*Input data*:
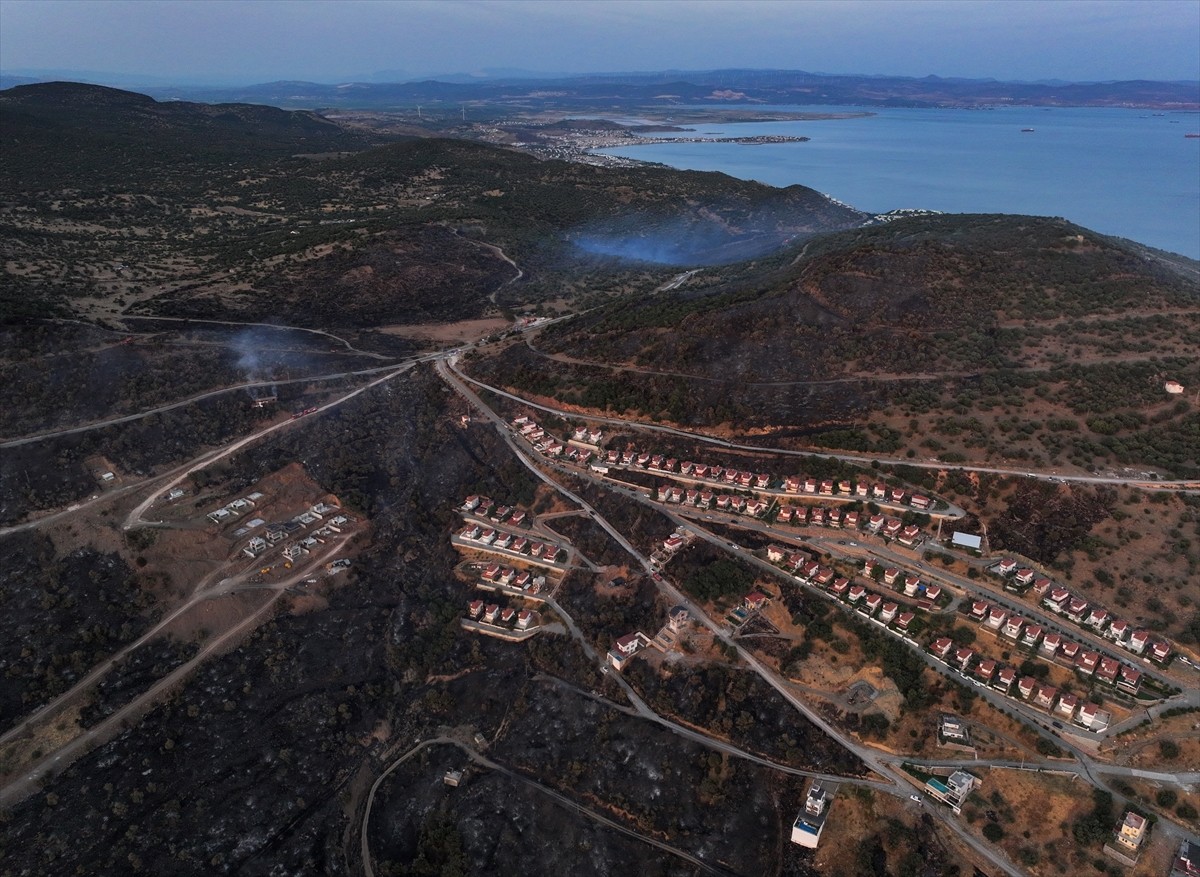 İzmir'in Dikili ilçesinde ormanlık alanda başlayan ve yerleşim yerlerine yaklaşan yangına havadan...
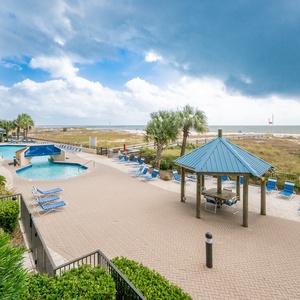 Relax by the poolside, enjoying the inviting lounge chairs and easy access to the beach just beyond the grassy area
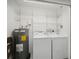 Laundry room with washer, dryer, and hot water heater at 3712 3Rd W Ave, Palmetto, FL 34221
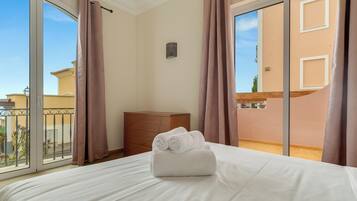A hotel room with a bed, a wooden dresser, and a balcony with curtains.
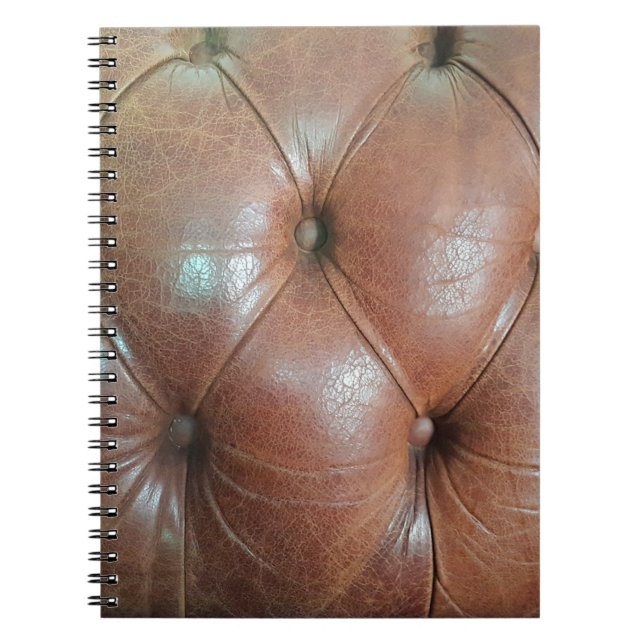 Cuaderno Luz sobre la superficie del sofá de cuero marrón,  (Frente)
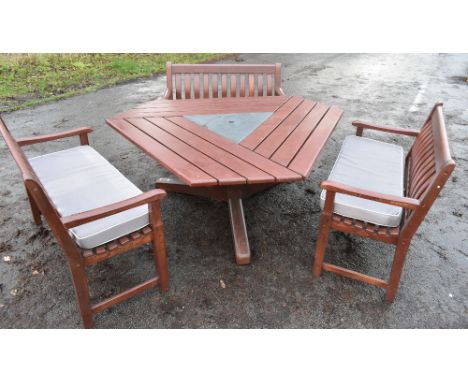 ALEXANDER ROSE; a stylish garden suite comprising triangular shaped table and set of three benches, each bench 123cm, table a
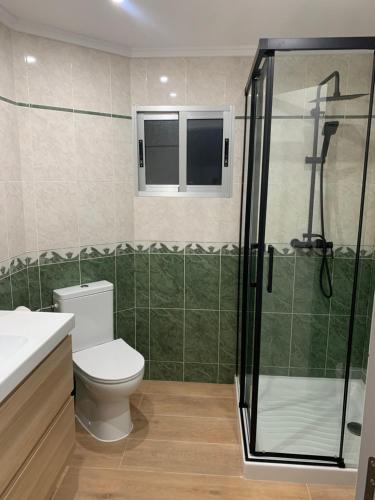 a bathroom with a toilet and a glass shower at UIM Mediterraneo Buenavista Wifi in Puerto de Sagunto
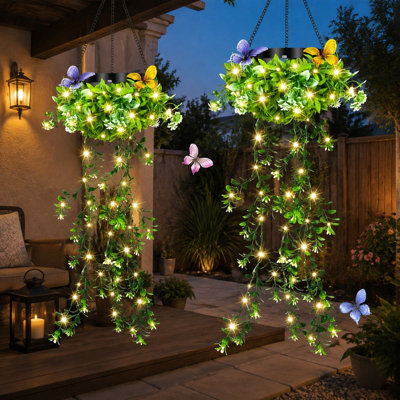 A 2 Pack of solar hanging garden lanterns integrates 66 LED lights with realistic grass & White Flowers, IP65 waterproof protection, and Auto On/Off operation for patios, porches, fences, pergolas, or backyards. For outdoor use.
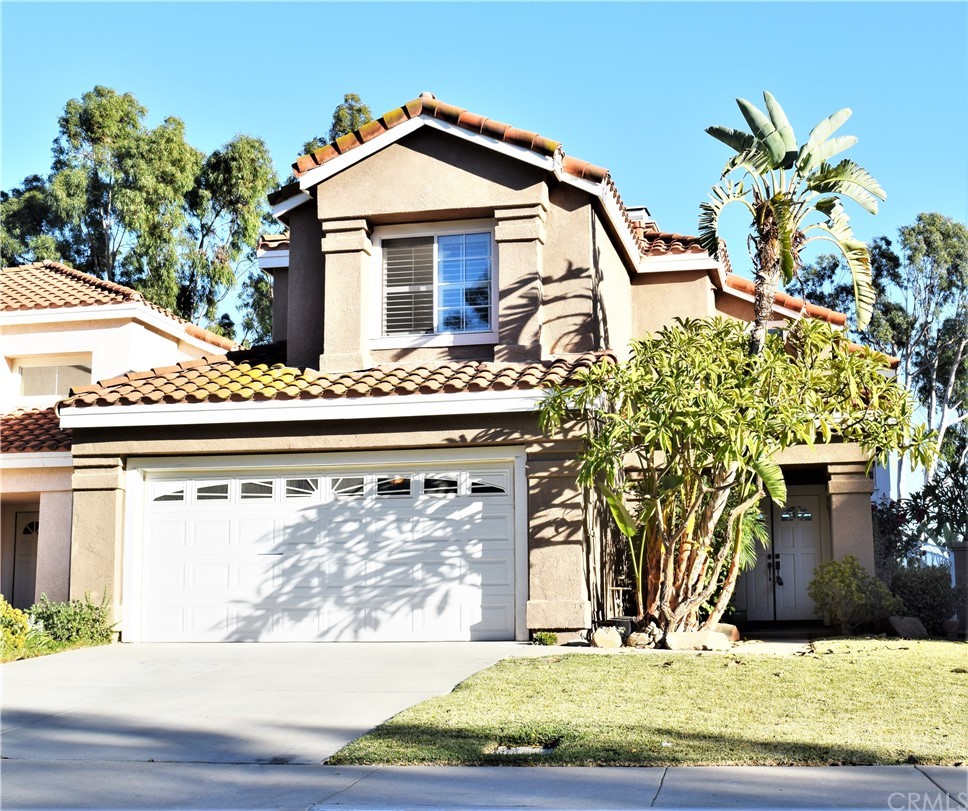17392 Sun Lake Terrace Riverside, CA 92503 - Photo 1 of 1 a front view of a house with a yard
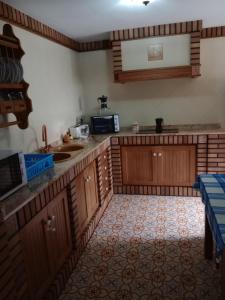 cocina con armarios de madera y encimera en Casa Paco en El Bosque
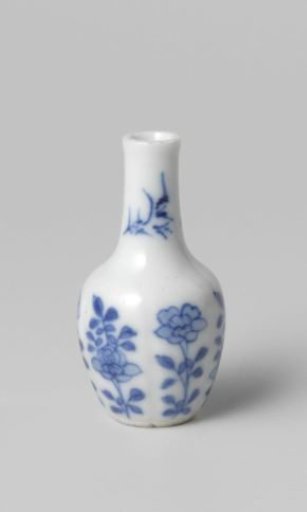 Miniature bottle vase with flowering plants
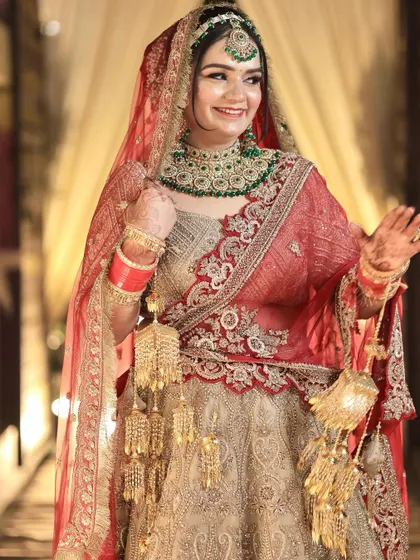 A playful and happy bride, showcasing her full attire and the stunning kalire that are part of her traditional look.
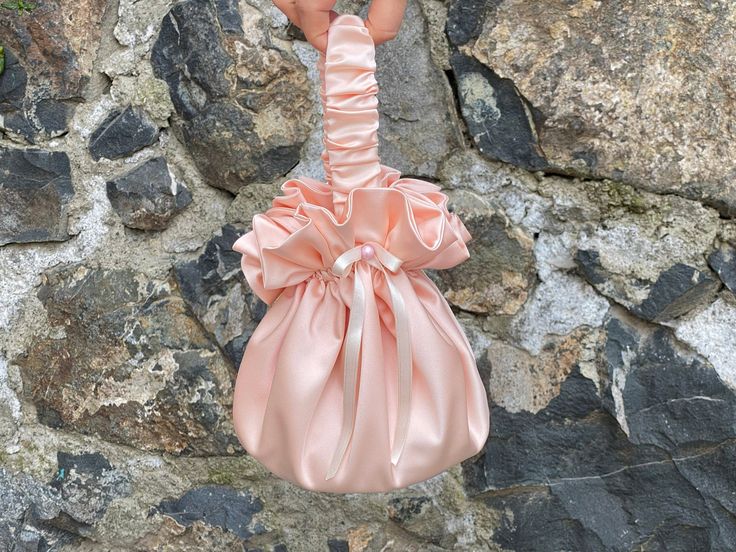 🔘 This Elegant Satin Ruffle bag is ideal for the wedding day, night out, party, special occasion, brides, bridesmaids, mothers of the bride, or any formal fun. 🔘 This bag has an elastic opening and a stiff bottom.   🔘 Please contact us for a custom order. 🔘 Material: Satin fabric, lace. The lining fabric is the same fabric as on the outside.  🔘 Measurements: The bottom diameter is 15 cm/6 inches & Height is 19 cm /7.5 inches 🔘 Care instruction: Hand wash in Luke water. Blush Rectangular Bag For Parties, Blush Rectangular Party Bag, Rectangular Blush Party Bag, Pink Pouch Evening Bag For Wedding, Pink Feminine Wedding Bag, Pink Feminine Wedding Bags, Feminine Pink Wedding Bag, Feminine Pink Wedding Bags, Elegant Pink Pouch For Party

*Instructions to follow*:
Transcribe the listing above exactly, but only from the line with "A hotel room" through the line with "a bathroom with". Include both of those lines and omit the pictures.

*Answer section*:
A hotel room with a bed, a wooden dresser, and a balcony with curtains.
 Cuaderno Luz sobre la superficie del sofá de cuero marrón,  (Frente)
 ALEXANDER ROSE; a stylish garden suite comprising triangular shaped table and set of three benches, each bench 123cm, table a
 a bathroom with a toilet and a glass shower at UIM Mediterraneo Buenavista Wifi in Puerto de Sagunto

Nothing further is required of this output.